• **Brief**
Stop at the line that contains "Basics, plastika (29,5/19,8/13cm)". Until then, set down each line of the records exactly, beginning with the first, and skip pictures.

(Image-text web data)
_ _ _ _

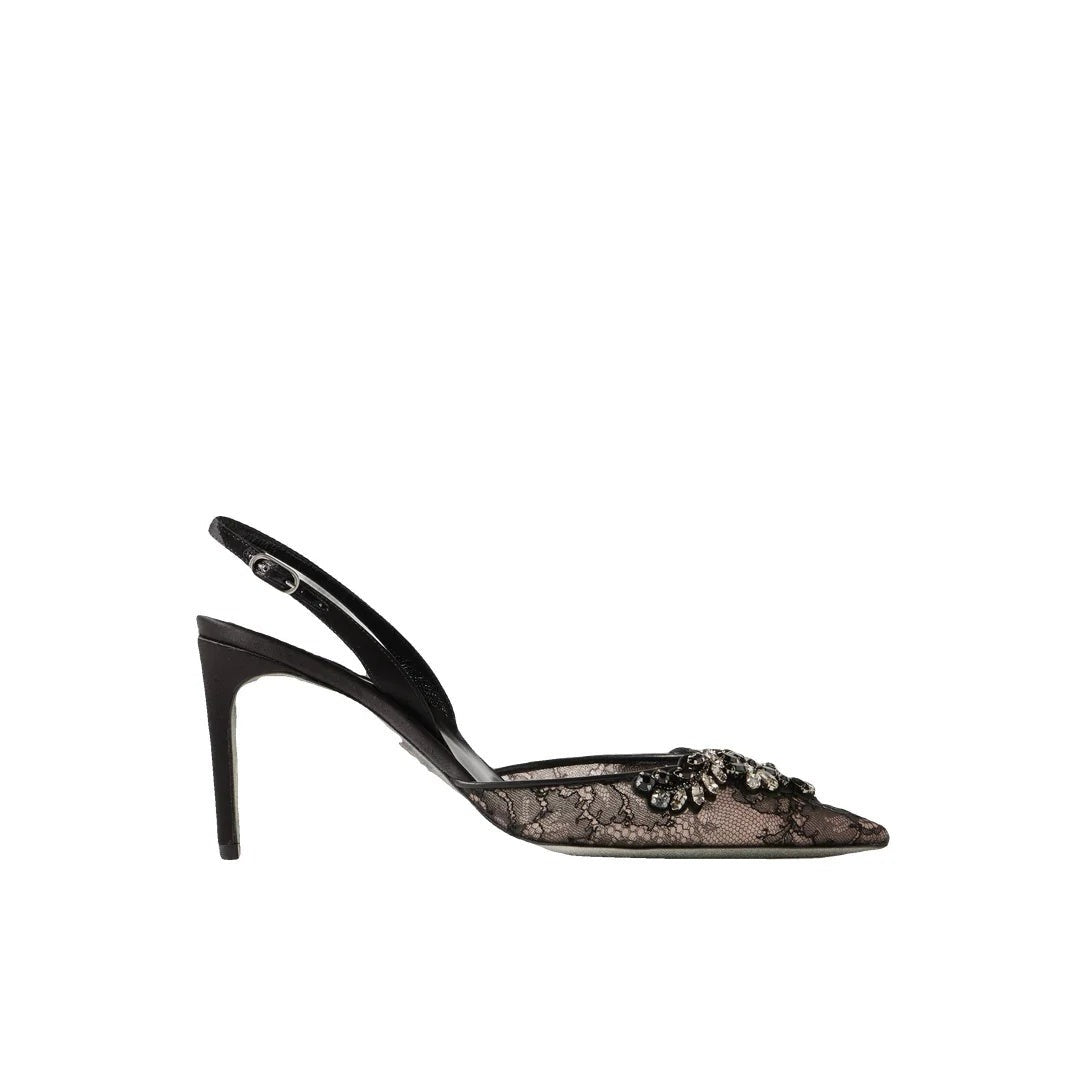 RENÉ CAOVILLA JINNY CRYSTAL-EMBELLISHED SLINGBACK PUMP BLACK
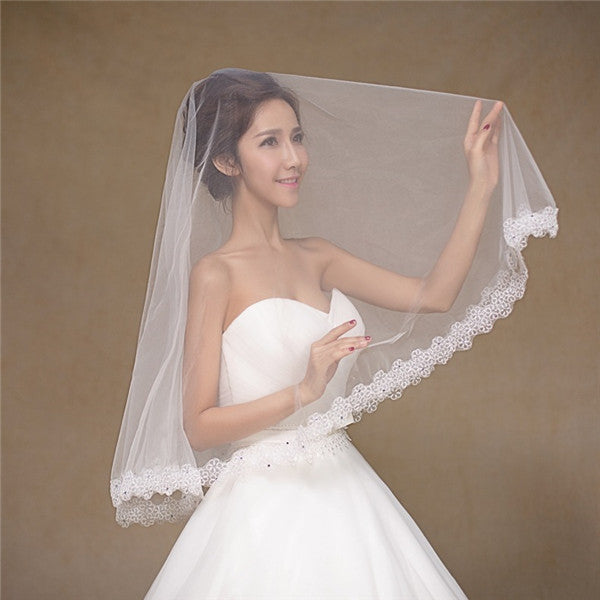 Exquisite Tulle White Appliqued Long Wedding Veil WV024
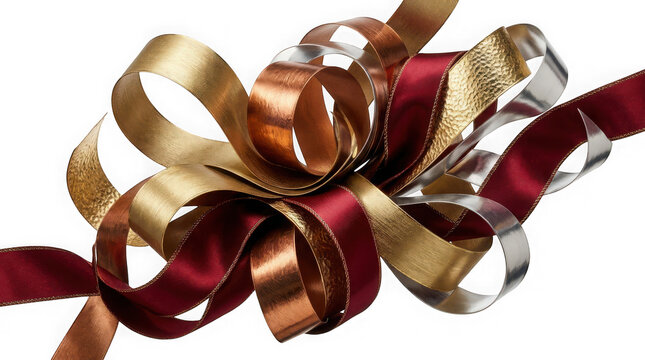 Large festive holiday ribbon bow in gold, copper, silver, and red, isolated on transparent background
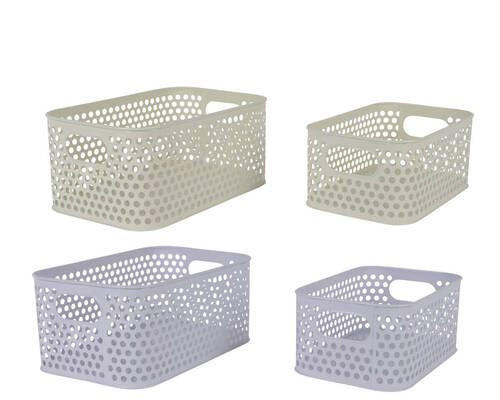KOŠARA   29,5/19,8/13 cm      - siva/ljubičasta, Basics, plastika (29,5/19,8/13cm)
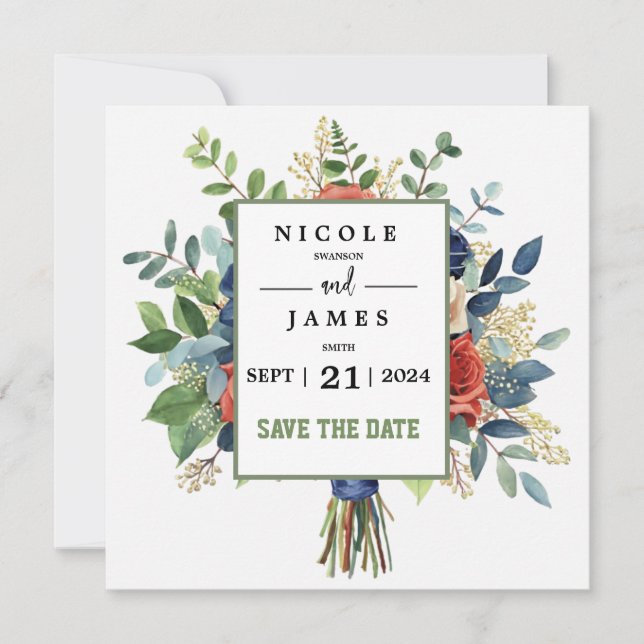 Beautiful Watercolor Floral Bouquet Save The Date (Front)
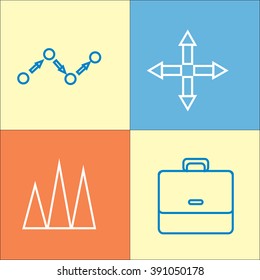 Set of web icons with thin lines, contours. Business symbols, marketing and communications. Icons work, stationery and diagrams and infographics for web pages.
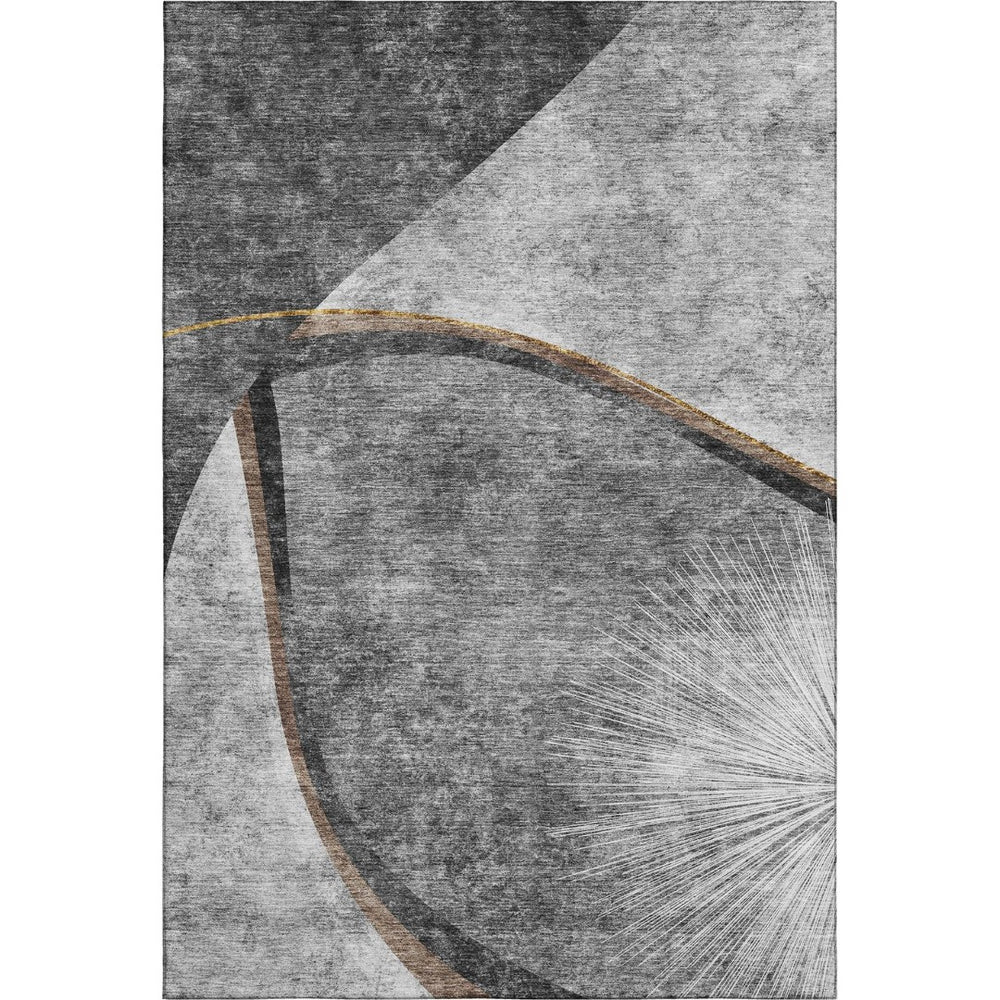 HomeRoots 5' X 8' Gray Silver and Gold Abstract Washable Area Rug – Stylish, Durable, UV-Protected for Homes! 656803
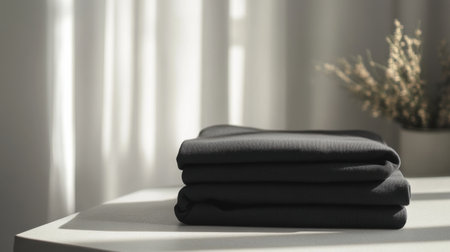Minimalist sportswear is gracefully arranged on a smooth table, illuminated by gentle natural light.の素材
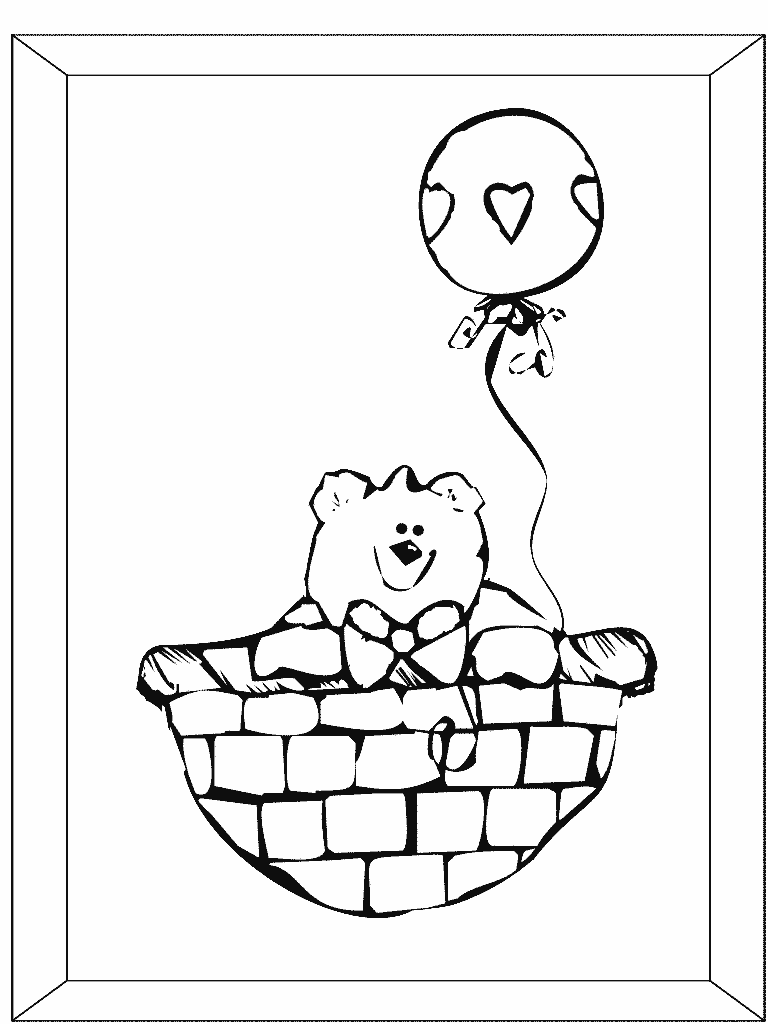 Oso con Globo para colorear ~ Dibujos para Colorear Infantil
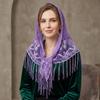 Floral Triangle Shawl Butterfly Embroidery Tassel Wrap Gifts Headband  Bridal Wear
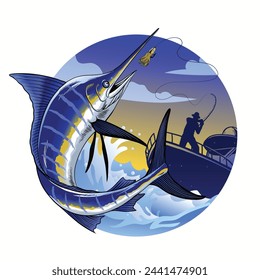 Big Marlin Fishing T-Shirt Design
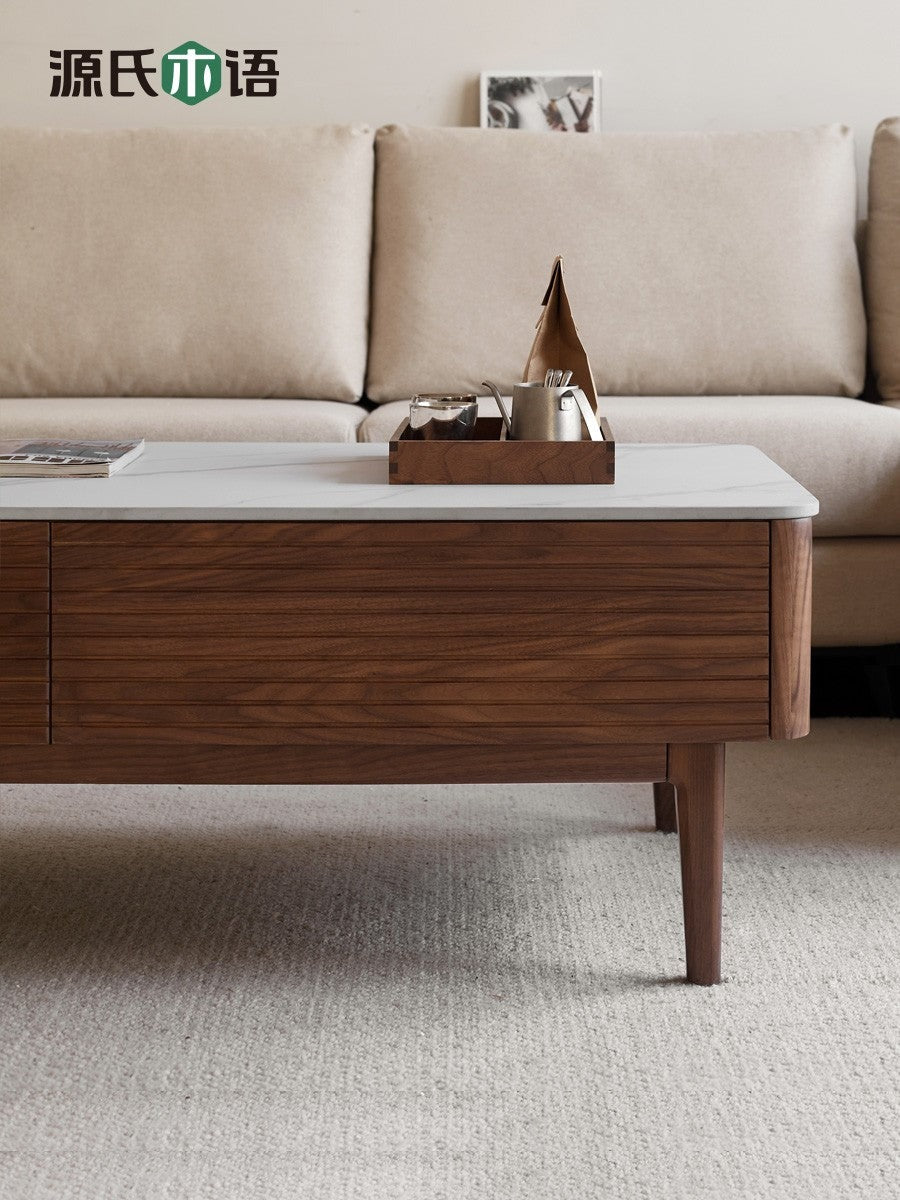Coffee table Black walnut with slate top"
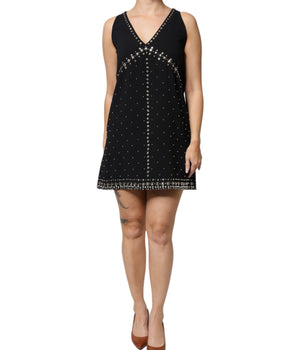 Vestido mini recto de línea A sin mangas de poliéster con adornos negros de PINKO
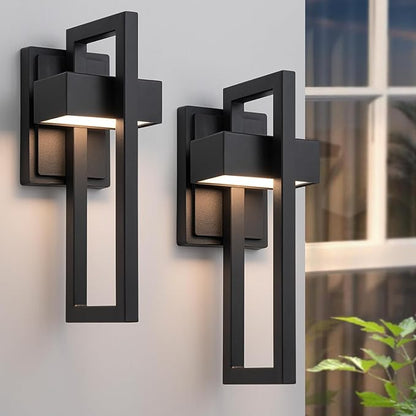 2-Pack Modern Outdoor Wall Lights, 15W LED Exterior Lighting Fixtures, 3000K Warm White Matte Black Wall Sconces for Front Door, Porch, Garage and Patio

_ _ _ _

• **Task result**
 RENÉ CAOVILLA JINNY CRYSTAL-EMBELLISHED SLINGBACK PUMP BLACK
 Exquisite Tulle White Appliqued Long Wedding Veil WV024
 Large festive holiday ribbon bow in gold, copper, silver, and red, isolated on transparent background
KOŠARA   29,5/19,8/13 cm      - siva/ljubičasta, Basics, plastika (29,5/19,8/13cm)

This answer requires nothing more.